Another courier, named Nazir, said he would prefer to fight. "If I had a chance and its OK with the Free Syrian Army ... everyone here would fight," he said. "Everyone in Syria lost someone – a brother, a sister. A lot of people in Turkey are waiting for [the FSA commander] al-As'aad to call them."

That sentiment was echoed by refugees in the Turkish camps. "We want to fight to protect our people from what Bashar's regime is doing," said Abo Hasan, a 32-year-old refugee in the Reyhanli camp.

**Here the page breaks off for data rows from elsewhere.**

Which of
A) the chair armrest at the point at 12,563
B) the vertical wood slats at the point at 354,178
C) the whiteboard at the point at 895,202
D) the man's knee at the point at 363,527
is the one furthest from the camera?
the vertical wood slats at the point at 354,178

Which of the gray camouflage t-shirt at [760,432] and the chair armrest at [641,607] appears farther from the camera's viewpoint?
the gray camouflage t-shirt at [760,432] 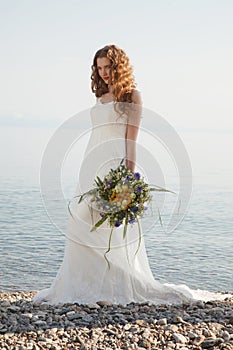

But this army-in-waiting may need to be patient. While the FSA claims an increasing presence across Syria – especially in Homs, Idlib, and Deraa – in Ain al-Baida they say they control only about 500 metres down the hill from their complex of cinder block houses and sandbagged positions.

Calls for the international community to establish a buffer zone inside Syria might not yet have substantial international support, but the FSA's numbers are growing. On average, two to three army defectors a week arrived in Ain al-Baida, Mr Mohammad said.

Because of the restrictions on reporting from Syria, it is impossible to confirm any of the wilder opposition claims of how much influence they have. There are also fears – which the Assad regime has been keen to stoke – that there is a sectarian element, with the largely-Sunni opposition facing off against the largely-Allawite regime supporters.

One new defector, Mejdi Hadu, 21, arrived two days ago. He decided to defect after his military unit was ordered to fire on protesters in Damascus. "Officers said to fire because they worked against us, they worked against Syria, they were bad people," he said.

Asked why he had decided to stay and fight after defecting instead of fleeing to Turkey, he said: "It's better here. I didn't want to hide. I am trying to encourage my friends to come to the free army."